Material for this task section start
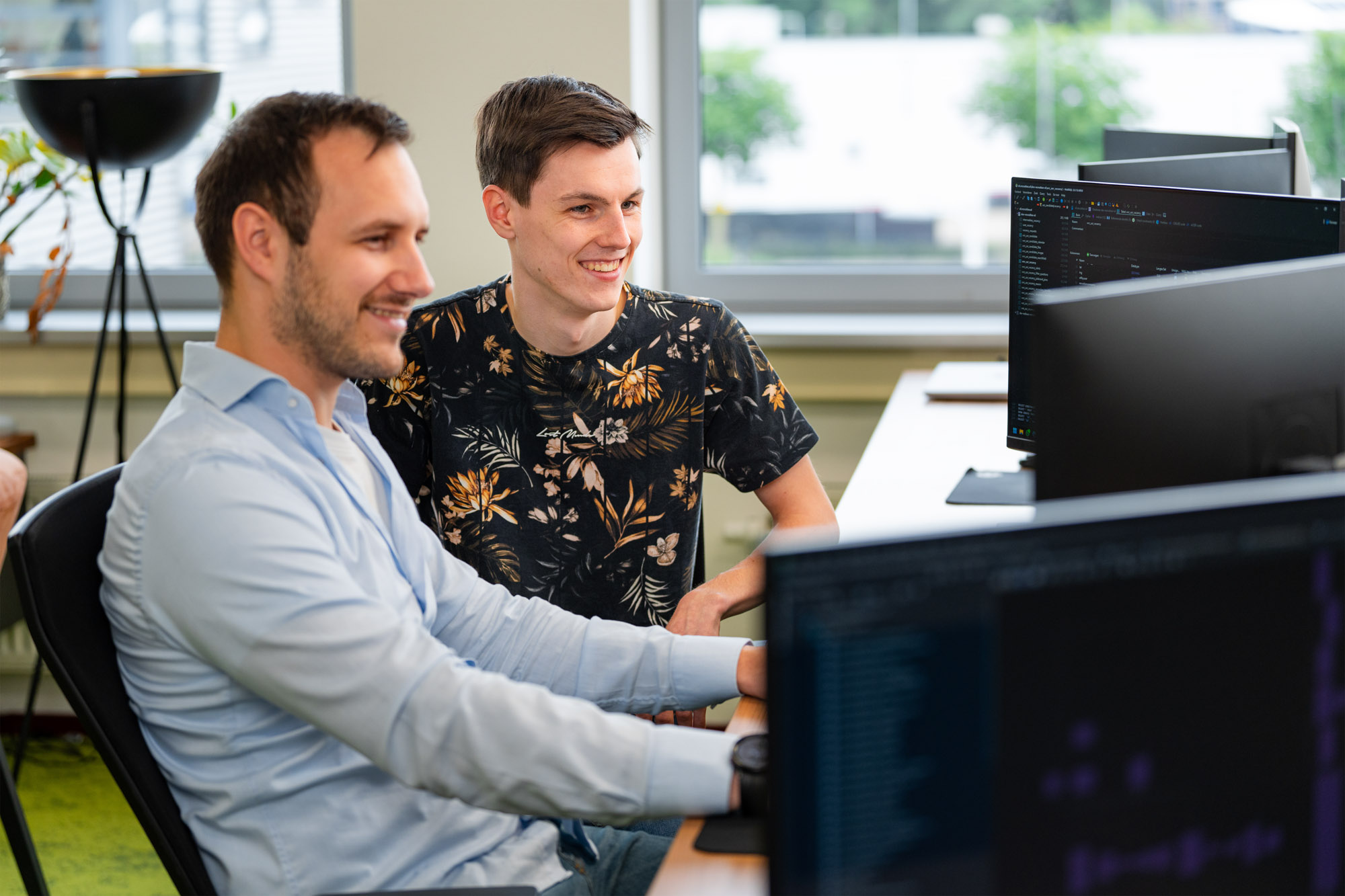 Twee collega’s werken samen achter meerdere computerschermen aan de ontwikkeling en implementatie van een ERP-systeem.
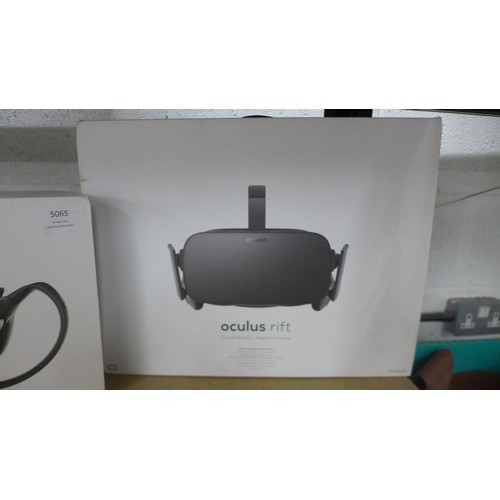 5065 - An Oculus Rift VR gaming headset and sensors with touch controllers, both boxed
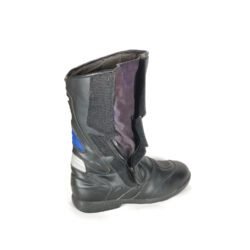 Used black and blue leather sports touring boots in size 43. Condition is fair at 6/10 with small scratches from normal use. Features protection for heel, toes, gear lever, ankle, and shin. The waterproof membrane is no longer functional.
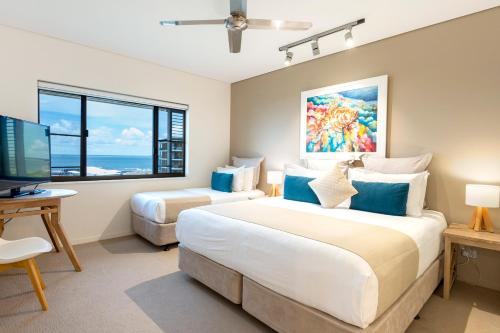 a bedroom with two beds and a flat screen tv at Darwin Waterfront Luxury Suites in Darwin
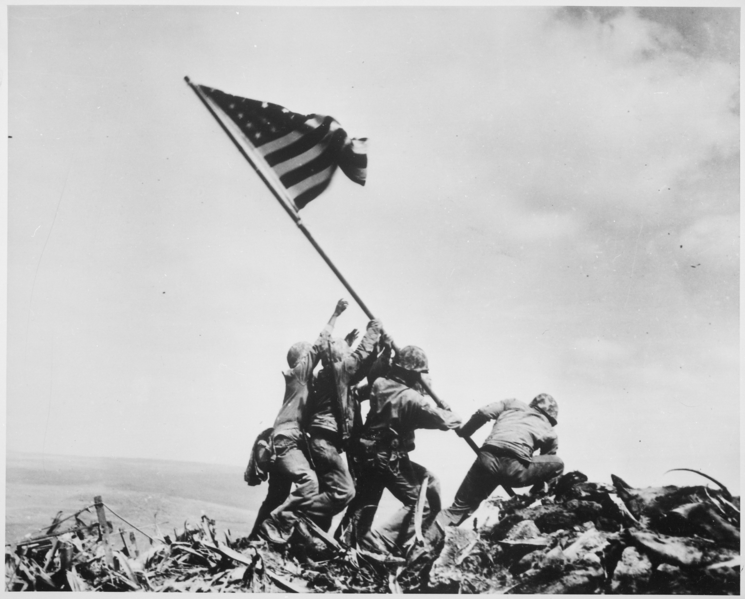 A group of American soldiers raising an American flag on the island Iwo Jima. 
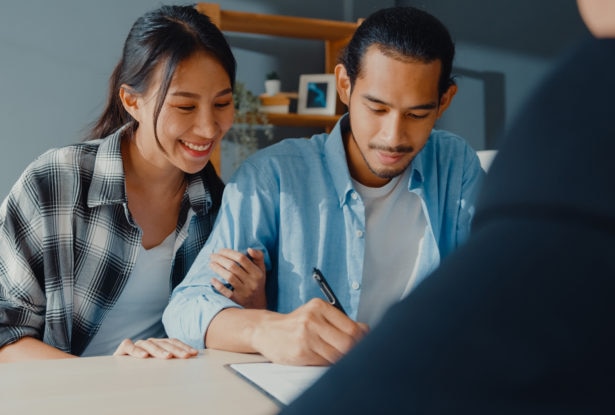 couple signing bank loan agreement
Material for this task section end
What is needed:
Retype only the lines that run from the first line of the entries above to the line containing "5065 - An Oculus", both included. Do not carry over any pictures.

Finished task:
 Twee collega’s werken samen achter meerdere computerschermen aan de ontwikkeling en implementatie van een ERP-systeem.
 5065 - An Oculus Rift VR gaming headset and sensors with touch controllers, both boxed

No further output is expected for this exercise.